August is almost always my least favorite month of the year. It’s always too hot and nothing gets done. Everyone skips town and work grinds to a halt. This August was not much different, and my summertime sadness has been in full effect.
Here are some things that I’ve read that helped alleviate it.
Charlie Jane Anders, one of the great science fiction voices of our time has a new one written with the clever, brilliant voice of a woman turning 100 and analyzing her dreams. This is so spirited and whimsical that I giggled out loud while reading it, and I bet you will, too.
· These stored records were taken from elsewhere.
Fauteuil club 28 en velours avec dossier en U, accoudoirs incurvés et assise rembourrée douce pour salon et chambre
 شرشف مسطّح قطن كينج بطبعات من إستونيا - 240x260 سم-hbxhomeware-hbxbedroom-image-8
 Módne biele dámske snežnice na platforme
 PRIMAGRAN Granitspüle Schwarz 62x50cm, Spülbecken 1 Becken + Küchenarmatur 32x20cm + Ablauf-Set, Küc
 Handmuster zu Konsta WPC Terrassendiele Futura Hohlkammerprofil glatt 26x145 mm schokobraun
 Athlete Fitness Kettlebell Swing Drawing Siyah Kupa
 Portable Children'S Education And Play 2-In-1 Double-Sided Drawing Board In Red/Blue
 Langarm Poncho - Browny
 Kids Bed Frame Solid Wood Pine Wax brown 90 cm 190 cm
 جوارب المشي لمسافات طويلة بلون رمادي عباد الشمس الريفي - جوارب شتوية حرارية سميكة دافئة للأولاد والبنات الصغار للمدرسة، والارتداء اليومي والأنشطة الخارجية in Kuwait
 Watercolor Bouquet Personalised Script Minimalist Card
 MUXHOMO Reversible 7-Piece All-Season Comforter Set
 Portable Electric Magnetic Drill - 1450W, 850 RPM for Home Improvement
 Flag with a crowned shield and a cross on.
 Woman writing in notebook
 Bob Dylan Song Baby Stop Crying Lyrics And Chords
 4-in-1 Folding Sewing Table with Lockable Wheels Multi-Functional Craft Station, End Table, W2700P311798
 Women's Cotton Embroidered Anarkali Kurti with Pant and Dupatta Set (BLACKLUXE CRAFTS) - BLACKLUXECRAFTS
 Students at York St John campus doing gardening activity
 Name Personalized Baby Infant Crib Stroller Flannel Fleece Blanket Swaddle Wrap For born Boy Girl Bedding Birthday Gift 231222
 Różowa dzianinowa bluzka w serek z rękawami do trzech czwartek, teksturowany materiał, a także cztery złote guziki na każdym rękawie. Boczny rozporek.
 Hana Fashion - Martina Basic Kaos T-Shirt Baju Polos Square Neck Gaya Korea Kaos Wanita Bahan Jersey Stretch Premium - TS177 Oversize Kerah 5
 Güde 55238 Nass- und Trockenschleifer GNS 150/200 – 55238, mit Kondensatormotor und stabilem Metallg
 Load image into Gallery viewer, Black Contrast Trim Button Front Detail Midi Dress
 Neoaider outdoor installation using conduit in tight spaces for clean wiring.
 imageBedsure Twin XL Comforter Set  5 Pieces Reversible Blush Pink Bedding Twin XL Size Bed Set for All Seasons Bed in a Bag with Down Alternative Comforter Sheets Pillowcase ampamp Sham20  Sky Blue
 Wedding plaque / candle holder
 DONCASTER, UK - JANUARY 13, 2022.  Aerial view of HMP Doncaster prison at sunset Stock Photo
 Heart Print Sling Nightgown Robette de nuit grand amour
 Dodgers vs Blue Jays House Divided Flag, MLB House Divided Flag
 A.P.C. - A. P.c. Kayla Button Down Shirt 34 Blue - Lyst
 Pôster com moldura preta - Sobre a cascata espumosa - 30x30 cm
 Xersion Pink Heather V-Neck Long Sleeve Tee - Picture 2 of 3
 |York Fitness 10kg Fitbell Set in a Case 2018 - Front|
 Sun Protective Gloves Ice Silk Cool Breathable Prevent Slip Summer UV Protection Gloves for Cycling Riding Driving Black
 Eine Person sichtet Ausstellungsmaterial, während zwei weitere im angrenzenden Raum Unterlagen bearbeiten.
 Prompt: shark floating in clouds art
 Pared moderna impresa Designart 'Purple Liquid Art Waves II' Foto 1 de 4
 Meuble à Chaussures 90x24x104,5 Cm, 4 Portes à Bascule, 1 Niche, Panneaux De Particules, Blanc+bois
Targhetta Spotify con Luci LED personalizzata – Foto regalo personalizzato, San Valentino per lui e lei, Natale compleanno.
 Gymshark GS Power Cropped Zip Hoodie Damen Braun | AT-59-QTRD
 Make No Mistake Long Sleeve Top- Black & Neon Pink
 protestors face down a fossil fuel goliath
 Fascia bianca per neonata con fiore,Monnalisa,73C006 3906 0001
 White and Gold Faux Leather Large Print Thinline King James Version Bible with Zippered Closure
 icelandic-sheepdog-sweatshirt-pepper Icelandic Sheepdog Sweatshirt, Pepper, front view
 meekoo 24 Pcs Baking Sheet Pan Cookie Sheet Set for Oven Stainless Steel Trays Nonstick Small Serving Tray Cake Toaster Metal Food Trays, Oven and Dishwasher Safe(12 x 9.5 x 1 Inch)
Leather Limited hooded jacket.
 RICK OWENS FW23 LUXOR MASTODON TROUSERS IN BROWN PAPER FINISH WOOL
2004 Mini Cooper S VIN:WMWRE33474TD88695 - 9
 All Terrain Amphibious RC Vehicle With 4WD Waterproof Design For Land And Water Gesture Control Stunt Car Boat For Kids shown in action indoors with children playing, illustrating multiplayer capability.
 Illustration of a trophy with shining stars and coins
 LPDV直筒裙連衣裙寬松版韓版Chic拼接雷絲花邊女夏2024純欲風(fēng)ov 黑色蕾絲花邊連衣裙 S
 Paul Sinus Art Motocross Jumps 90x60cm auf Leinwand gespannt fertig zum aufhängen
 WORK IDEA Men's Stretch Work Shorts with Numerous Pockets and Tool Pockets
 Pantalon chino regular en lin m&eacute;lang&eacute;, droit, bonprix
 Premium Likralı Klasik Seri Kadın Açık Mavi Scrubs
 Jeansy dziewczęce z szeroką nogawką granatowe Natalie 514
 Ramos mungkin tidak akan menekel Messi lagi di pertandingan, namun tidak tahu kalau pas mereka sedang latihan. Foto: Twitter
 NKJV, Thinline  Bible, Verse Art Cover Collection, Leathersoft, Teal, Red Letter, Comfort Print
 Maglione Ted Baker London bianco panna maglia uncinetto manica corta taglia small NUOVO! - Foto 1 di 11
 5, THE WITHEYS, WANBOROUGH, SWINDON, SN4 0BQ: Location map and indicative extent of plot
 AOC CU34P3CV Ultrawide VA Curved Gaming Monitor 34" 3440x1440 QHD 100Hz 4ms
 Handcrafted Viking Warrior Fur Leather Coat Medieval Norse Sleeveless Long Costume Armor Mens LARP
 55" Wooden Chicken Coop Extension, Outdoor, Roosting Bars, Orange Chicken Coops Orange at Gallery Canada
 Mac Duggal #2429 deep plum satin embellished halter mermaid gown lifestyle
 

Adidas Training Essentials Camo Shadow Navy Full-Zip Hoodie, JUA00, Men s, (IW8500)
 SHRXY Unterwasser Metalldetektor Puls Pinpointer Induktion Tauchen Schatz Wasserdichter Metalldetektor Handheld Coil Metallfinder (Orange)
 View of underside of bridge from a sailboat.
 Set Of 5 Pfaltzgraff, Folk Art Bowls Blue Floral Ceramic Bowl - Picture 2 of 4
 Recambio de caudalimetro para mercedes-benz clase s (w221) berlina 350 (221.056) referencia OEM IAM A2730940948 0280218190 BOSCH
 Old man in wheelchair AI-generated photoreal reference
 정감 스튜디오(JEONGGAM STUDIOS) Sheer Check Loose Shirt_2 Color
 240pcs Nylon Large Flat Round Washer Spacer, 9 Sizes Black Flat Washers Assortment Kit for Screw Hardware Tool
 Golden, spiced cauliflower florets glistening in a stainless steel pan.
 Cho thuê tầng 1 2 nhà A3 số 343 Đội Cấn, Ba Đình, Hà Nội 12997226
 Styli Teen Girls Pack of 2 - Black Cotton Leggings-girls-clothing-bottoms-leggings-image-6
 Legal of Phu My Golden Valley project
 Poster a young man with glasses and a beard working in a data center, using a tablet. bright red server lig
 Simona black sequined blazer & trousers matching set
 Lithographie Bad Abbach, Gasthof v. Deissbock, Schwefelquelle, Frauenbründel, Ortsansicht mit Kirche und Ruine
“How to Spend Your Free Time” by Charles Payseur starts off so sharp that I’d almost call it snarky, before tripping into a deep crevasse of feeling from which there is no easy escape. I’ve been living my life in an absurdist hell lately, unable to credit the reality of this timeline trying to make some jokes at the expense of the most upsetting shit I’ve ever seen. Apparently, Payseur has, too. And it capable of turning it into poetry. I raise my glass to this guy. And to pretty much everything Fireside publishes.
I’m a sucker for good food writing, and Helen Rosner put up a great essay at Guernica this month. It wrestles with the chimera of deep-fried shit and highbrow tastes that lives in each of us, as well as the complicated relationship between food, comfort, and identity. I have to warn you, reading this essay will set loose in you an inescapable craving for chicken tenders. “Why do you think every chef says his favorite food is roast chicken, or oysters, or a steak?” I know why.
This Strange Horizons story by S.R. Mandel got my attention on a bingo card basis. It was teased with the notion that women authors are never enshrined (correct). It mentioned Murasaki Shikibu in its beginning (I stan forever) and the prose was at once clear and illuminating. The story that follows is, too, though it’ll wring your heart like a laundromat job that keeps a genius from her full potential. It did mine.
In books: I read and loved “Because Internet” by linguist Gretchen McCulloch, for its frank and fascinating explanations of the way the internet has changed our use of language rapidly and irreversibly. I couldn’t put it down, and it made me laugh out loud at FACTS. How do you beat that? If you’ve been curious at all about why sometimes we LOL and sometime we lol and sometimes we *L* you need this book.